AgeSA İş Zekası ve Yönetişim Grup Direktörü Devrim Zımba: “BU BİR YOLCULUK”
“KVKK deyince mavi gömlek diye bir hikayem geliyor aklıma. Bu işe ilk başlandığı zaman bir danışman geldi, ‘nedir kişisel veri?’ diye tartışıyoruz. O gün mavi gömlek giyiyordum ve onun üzerinden örnek verdim, ‘Bu mavi gömlek kişisel veridir senin söylediklerine dayanarak’ dedim, ‘Evet’ dedi. Aslında öyle değil. O zaman birçok şey belli değildi. O günden bu yana epey yol aldık bazı yerlerde.
Bugün geldiğimiz noktada 17 tane teknik tedbir var. Bizim teknik olarak bu 17 maddeye uymamız bekleniyor. Bu maddelerde yol aldık ancak her zaman alınacak yol olur. AgeSA olarak bir KVKK kurulu kurduk. Mevzuat ekibinin sahiplendiği bir süreç ve başkanlığı var, ayda bir toplanılıyor.
Teknik tarafta biz çalışmalarımızı üçe ayırdık. Client, network ve data keşif tarafında çalışmalar yaptık. Client ve network tarafında tarif edilen tedbirler kapsamında önlemlerimizi aldık. Data keşfi konusu yani bizim üçüncü kolumuz dediğimiz alanı şirkete fayda sağlama amaçlı konumlandırmıştık burada çalışmalarımız devam ediyor. Yapılan çalışmalardan ve alınan tedbirlerden ziyade faydaya odaklandığımızda nereye gideceğimizi planlıyoruz.

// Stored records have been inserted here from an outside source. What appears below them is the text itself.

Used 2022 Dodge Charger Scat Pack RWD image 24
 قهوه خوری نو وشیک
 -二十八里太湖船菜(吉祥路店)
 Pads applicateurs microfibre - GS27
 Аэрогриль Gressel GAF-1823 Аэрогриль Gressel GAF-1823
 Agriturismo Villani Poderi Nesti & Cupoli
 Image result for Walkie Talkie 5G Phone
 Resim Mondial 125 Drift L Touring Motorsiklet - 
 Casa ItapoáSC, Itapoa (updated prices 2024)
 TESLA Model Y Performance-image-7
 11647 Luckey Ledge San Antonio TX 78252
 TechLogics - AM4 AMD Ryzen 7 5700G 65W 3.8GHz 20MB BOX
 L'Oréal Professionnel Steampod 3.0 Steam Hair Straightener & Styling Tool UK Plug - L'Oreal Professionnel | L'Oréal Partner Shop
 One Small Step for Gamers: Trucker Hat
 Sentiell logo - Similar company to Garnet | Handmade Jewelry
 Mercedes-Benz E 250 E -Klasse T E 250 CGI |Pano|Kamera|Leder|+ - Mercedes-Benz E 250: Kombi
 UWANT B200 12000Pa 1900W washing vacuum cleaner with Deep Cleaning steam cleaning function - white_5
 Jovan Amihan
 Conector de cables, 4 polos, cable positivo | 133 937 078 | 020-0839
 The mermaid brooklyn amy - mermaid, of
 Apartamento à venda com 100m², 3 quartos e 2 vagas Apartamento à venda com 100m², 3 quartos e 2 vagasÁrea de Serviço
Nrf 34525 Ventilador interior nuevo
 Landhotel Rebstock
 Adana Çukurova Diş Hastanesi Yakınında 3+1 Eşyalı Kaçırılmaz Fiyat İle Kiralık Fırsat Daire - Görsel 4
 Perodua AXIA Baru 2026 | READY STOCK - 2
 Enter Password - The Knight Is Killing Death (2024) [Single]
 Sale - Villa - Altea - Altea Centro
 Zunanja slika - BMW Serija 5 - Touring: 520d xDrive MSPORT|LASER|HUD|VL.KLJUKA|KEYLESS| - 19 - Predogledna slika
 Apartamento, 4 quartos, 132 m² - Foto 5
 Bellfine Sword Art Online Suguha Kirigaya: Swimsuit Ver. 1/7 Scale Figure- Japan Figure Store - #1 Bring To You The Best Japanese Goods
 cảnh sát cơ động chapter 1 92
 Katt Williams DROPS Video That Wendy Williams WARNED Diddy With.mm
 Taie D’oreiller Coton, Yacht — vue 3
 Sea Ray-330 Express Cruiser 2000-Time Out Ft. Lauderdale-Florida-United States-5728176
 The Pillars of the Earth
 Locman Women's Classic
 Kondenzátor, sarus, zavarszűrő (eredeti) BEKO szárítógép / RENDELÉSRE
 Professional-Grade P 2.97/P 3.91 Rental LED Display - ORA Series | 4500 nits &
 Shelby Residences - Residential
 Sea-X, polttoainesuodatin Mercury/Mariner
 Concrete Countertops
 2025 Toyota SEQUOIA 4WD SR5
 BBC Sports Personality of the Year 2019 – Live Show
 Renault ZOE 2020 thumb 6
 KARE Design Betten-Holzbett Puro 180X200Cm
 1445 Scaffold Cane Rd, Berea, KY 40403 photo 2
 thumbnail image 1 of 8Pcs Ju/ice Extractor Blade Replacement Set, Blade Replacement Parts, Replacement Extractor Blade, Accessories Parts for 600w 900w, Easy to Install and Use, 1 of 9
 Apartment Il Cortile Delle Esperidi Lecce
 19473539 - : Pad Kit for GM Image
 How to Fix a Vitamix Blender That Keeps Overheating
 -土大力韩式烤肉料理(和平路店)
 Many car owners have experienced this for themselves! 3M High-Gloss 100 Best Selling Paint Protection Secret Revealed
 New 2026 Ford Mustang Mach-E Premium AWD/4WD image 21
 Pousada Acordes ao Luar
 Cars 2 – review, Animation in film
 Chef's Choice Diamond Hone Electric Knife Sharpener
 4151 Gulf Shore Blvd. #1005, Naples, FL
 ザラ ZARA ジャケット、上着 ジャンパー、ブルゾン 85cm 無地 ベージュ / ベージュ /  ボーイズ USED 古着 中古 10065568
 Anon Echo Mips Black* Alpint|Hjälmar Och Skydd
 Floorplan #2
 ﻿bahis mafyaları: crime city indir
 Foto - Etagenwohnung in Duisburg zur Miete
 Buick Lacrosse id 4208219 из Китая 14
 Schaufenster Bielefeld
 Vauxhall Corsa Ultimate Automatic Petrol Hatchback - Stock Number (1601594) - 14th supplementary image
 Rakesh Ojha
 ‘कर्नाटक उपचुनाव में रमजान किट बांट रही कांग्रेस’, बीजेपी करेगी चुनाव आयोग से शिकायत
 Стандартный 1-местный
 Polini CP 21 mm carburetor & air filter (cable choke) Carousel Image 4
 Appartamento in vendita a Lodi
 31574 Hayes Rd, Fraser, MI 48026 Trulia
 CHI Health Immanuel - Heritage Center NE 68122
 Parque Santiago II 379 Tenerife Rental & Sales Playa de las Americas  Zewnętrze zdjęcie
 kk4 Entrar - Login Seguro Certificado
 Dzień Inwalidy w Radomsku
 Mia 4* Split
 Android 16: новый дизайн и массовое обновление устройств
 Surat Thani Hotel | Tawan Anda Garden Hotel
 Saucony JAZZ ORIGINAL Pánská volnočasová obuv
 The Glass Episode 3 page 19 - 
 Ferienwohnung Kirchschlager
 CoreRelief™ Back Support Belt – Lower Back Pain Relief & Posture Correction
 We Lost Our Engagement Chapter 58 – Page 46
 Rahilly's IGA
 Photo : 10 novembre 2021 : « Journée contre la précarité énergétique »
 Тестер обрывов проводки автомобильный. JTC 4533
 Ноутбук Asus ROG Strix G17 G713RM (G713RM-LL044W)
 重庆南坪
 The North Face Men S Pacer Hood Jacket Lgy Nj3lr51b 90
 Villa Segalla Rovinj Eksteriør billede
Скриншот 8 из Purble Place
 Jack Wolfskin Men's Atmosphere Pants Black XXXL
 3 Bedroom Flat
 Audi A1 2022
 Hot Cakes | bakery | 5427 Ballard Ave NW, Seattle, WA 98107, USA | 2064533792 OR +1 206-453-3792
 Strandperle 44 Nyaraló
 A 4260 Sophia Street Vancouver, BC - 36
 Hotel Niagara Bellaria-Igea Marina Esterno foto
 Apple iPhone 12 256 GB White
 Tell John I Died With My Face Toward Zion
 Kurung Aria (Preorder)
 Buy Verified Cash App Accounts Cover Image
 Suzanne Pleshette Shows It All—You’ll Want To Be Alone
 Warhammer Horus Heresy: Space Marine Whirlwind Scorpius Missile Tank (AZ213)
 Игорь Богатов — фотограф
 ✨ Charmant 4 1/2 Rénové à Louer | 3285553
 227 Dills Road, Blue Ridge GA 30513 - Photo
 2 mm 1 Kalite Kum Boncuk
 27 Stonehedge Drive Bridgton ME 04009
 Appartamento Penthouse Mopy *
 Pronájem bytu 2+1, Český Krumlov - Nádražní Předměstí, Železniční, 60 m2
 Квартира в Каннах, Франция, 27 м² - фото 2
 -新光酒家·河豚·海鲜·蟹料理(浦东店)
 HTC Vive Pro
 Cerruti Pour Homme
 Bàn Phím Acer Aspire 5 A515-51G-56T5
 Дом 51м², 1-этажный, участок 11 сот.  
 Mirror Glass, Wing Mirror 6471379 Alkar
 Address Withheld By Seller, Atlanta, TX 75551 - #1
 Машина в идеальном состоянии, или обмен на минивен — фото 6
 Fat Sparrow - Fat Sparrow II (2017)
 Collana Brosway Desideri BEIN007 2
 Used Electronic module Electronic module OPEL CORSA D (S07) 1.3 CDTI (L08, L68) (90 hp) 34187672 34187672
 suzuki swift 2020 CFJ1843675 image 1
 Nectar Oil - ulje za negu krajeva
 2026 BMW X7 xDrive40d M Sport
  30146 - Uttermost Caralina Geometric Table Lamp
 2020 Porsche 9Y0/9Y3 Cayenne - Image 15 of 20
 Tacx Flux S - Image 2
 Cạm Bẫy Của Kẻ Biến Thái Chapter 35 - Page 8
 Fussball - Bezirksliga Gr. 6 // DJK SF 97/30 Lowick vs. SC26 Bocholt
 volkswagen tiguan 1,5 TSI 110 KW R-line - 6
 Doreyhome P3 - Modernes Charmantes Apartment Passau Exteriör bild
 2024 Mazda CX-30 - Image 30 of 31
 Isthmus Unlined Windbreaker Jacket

Bir şirketin bu işten kâr elde edebilmesi için bence iki kuvvet lazım. Bir tanesi çeken bir mekanizma, bir tane de iten bir mekanizma. Çeken mekanizmada bugün masada daha ziyade uyulmayan kurallar için ceza var. Bu durumda şirketler gelirlerinden kaybetmemek ve ceza yememek üzerine çalışıyor. İkinci kuvvet ise itme kuvveti dediğim kısım. Şirketler satış yaparken müşterisine gittiğinde, ‘Ben senin kişisel verini çok iyi korurum’ dediği zaman müşteri daha fazla ödeme yapmayı bugün düşünmüyor. Bugün kişisel verisinin korunması çoğunluk müşteri için ek ödeme yapacak kadar önemli bir konu değil. Kredi kartı verisine bu hassasiyeti gösterebilir. Ama kişisel veriye aynı hassasiyeti göstereceğini bugün için düşünmüyorum. Bugün müşterilerin önce kişisel verisinin gizliliğinin çok önemli olduğunu fark etmesi lazım. Belki resmi kurumlar ve şirketler kişisel verilerin çok önemli olduğunu anlatan bir şeyler yapabilir. Böylece müşterilerde farkındalık artırılabilir. İkinci kuvvet diye bahsettiğim itme kuvveti bu şekilde oluşturulabilir.
Bugün toplam sektöre baktığımızda, bu konu daha ziyade teknik tarafta verilerin korunması odaklı ilerliyor. Bu iş henüz pazarlama ekiplerine, satış ekiplerine sirayet etmiş durumda değil. Ne zaman ki kişisel veriler bir müşteri için önemli hale gelir ve harcamalarında önemli bir kriter olur o zaman şirketler de buraya yaptığı yatırımın karşılığını almaya başlar.
Bu bir yolculuk dediğim gibi ve şimdilik yolun ortalarındayız, tüm sektörlerde ve şirketlerde farkındalık oluştu önlemler alınıyor. Yolun ikinci kısmında yani bunu gelir üretmede bir avantaja çevirebilir miyiz dediğimizde, ona da bence zaman var. Umarım bu konuyu bir gün yatırımımız karşılığını alabileceğimiz noktaya oturtabiliriz.”